Although the records include pictures, print only the rest, exactly as written.

Stored records
□ □ □ □ □ □ □

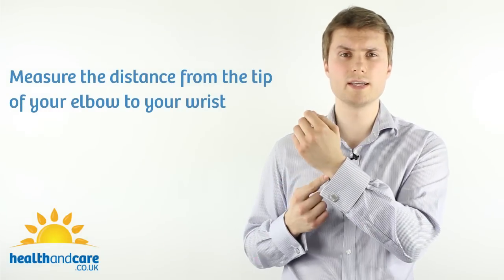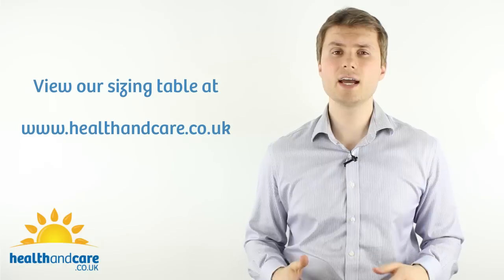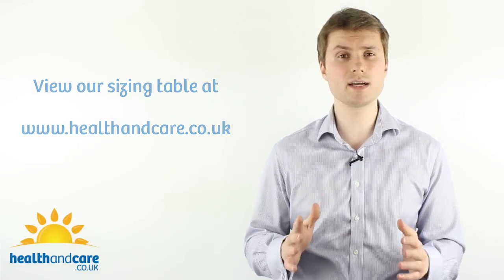Some arm slings require you to take a measurement from your elbow to the base of your little finger, but with the Cotton Arm Sling it's crucial to take a measurement from the tip of your elbow to your wrist. Then you can visit our website www.healthandcare.co.uk and compare it with our sizing table to get the right size for you.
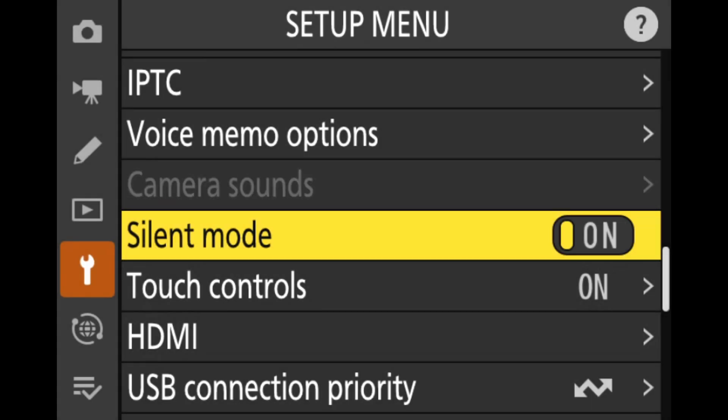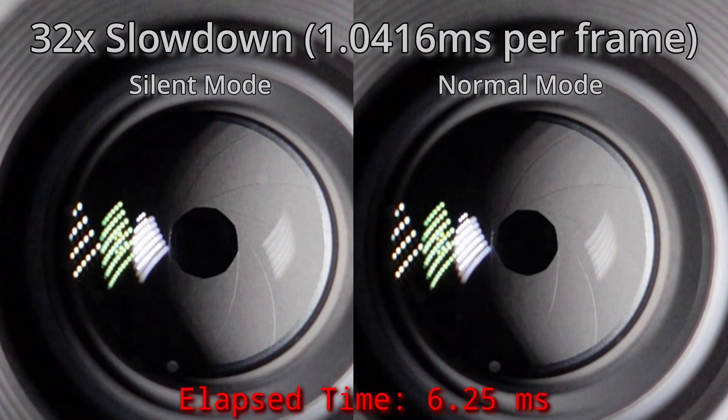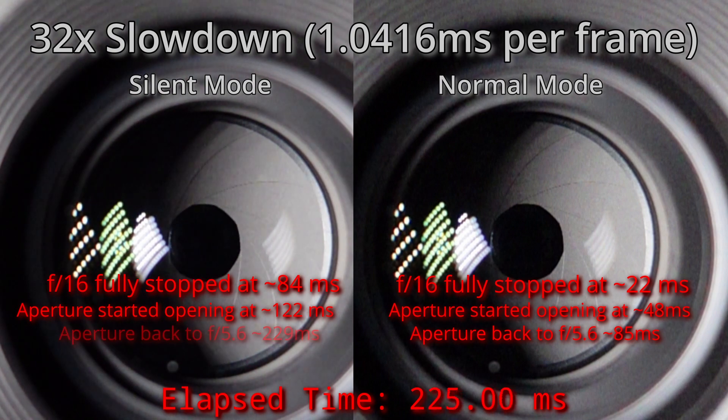In this video I'm going to demonstrate how Nikon Z cameras reduce the sound of the aperture mechanism when configured for silent mode. They achieve this reduction by actually slowing down the movement of the aperture blades to about a third of the normal movement speed. For instance, if you shoot an image at f16, it'll take three times as long for the aperture to open and close when in silent mode than it does in normal mode.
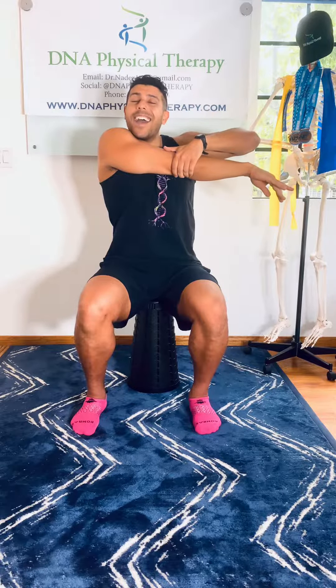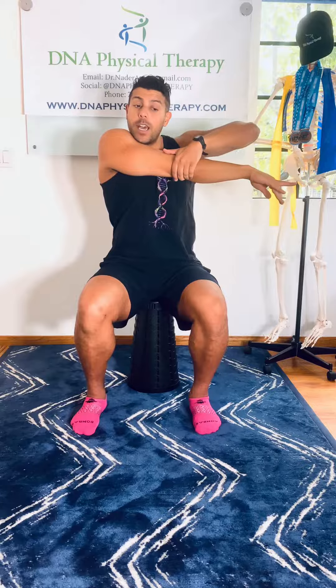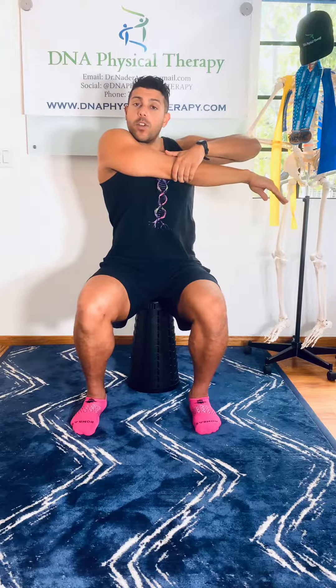I like to sometimes come from over top and grab my elbow to get a bigger stretch, and it's a little more comfortable for me. But that's if you don't have any shoulder pain in your opposite shoulder that's holding and pulling.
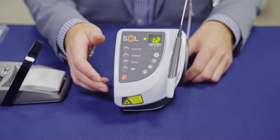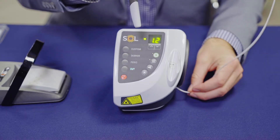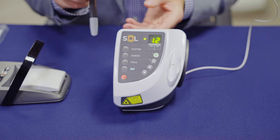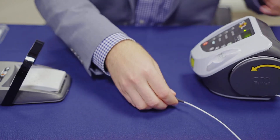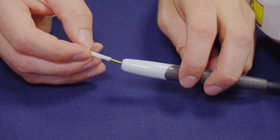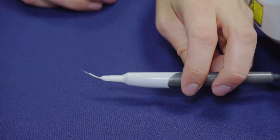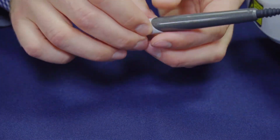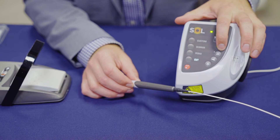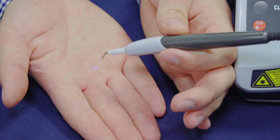Now we're ready to use the laser. Take the handpiece out of the holder and unwind it very gently. Keep in mind that this is a glass fiber, so you're going to want to be gentle with it. Then take one of the disposable single-use tips out of your casing. Be careful not to touch the end — you don't want to add any contamination to it. Slide it into the unit. Once you're ready, press the green ready button. You'll now see an aiming beam and your laser is ready to be used.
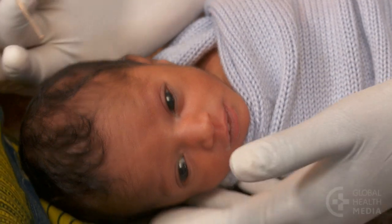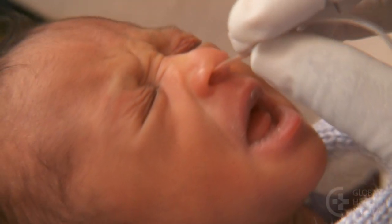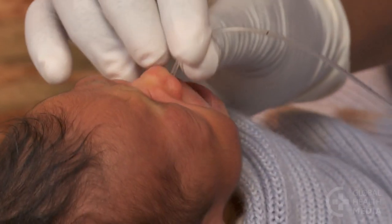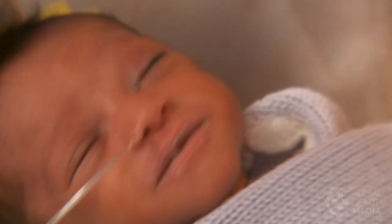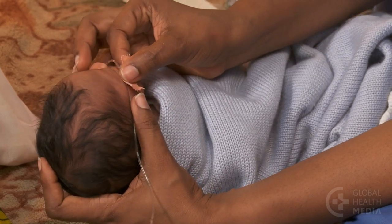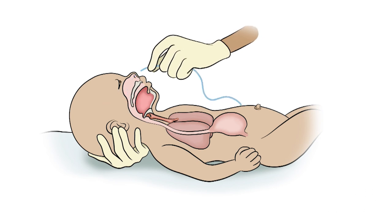Hold the baby's head still and flex his neck forward slightly. Gently insert the tube slowly and steadily. Aim toward the back of the head until you've reached your mark. The tube is uncomfortable for the baby as it's inserted but painless once it's in place. Never force the tube. If it doesn't slide easily, stop and try the other nostril or the mouth.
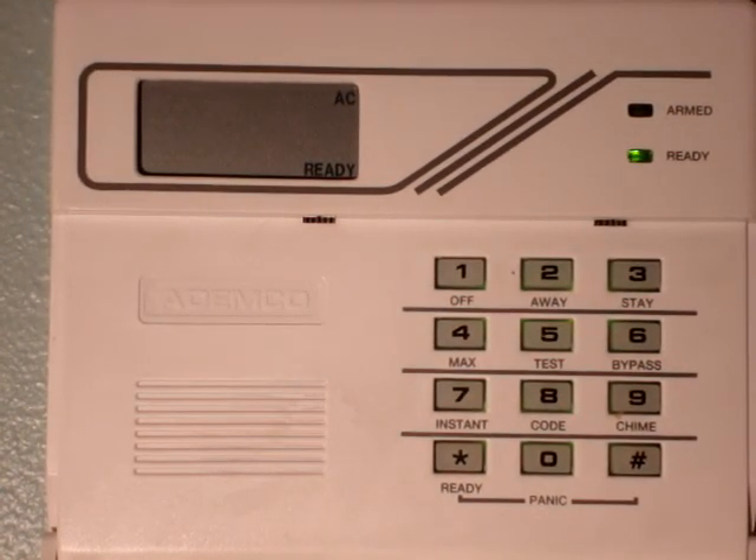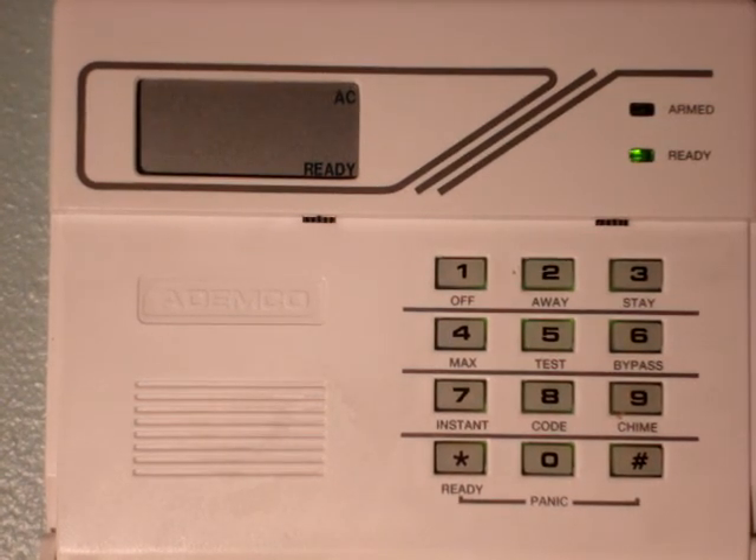The system is ready to go. Be sure to visit DeltaSecurityOnline.com. Thank you.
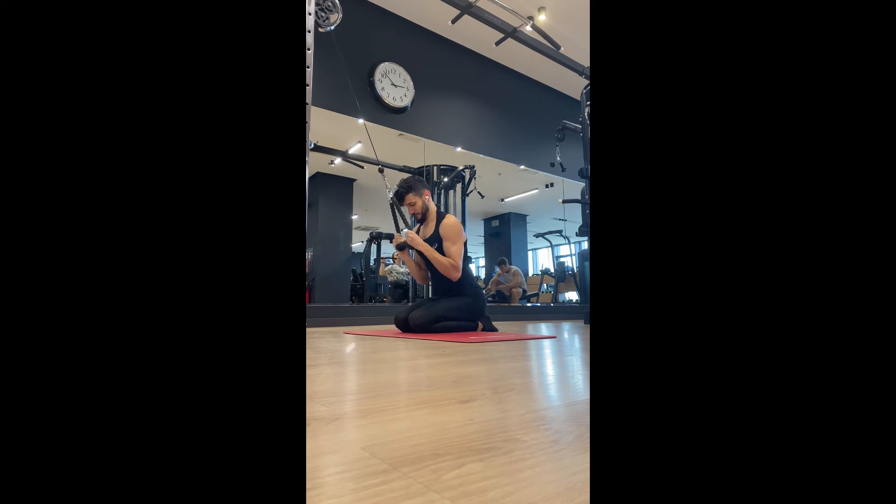Maintain the active range of motion for the lat — don't go too high up. If you start feeling tension in your shoulders, you're going way too high. At the same time, lean slightly forward, don't lean back, and embrace your abs.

□ □ □ □ □ □ □

Output for this exercise
Some arm slings require you to take a measurement from your elbow to the base of your little finger, but with the Cotton Arm Sling it's crucial to take a measurement from the tip of your elbow to your wrist. Then you can visit our website www.healthandcare.co.uk and compare it with our sizing table to get the right size for you.
In this video I'm going to demonstrate how Nikon Z cameras reduce the sound of the aperture mechanism when configured for silent mode. They achieve this reduction by actually slowing down the movement of the aperture blades to about a third of the normal movement speed. For instance, if you shoot an image at f16, it'll take three times as long for the aperture to open and close when in silent mode than it does in normal mode.
I like to sometimes come from over top and grab my elbow to get a bigger stretch, and it's a little more comfortable for me. But that's if you don't have any shoulder pain in your opposite shoulder that's holding and pulling.
Now we're ready to use the laser. Take the handpiece out of the holder and unwind it very gently. Keep in mind that this is a glass fiber, so you're going to want to be gentle with it. Then take one of the disposable single-use tips out of your casing. Be careful not to touch the end — you don't want to add any contamination to it. Slide it into the unit. Once you're ready, press the green ready button. You'll now see an aiming beam and your laser is ready to be used.
Hold the baby's head still and flex his neck forward slightly. Gently insert the tube slowly and steadily. Aim toward the back of the head until you've reached your mark. The tube is uncomfortable for the baby as it's inserted but painless once it's in place. Never force the tube. If it doesn't slide easily, stop and try the other nostril or the mouth.
The system is ready to go. Be sure to visit DeltaSecurityOnline.com. Thank you.
Maintain the active range of motion for the lat — don't go too high up. If you start feeling tension in your shoulders, you're going way too high. At the same time, lean slightly forward, don't lean back, and embrace your abs.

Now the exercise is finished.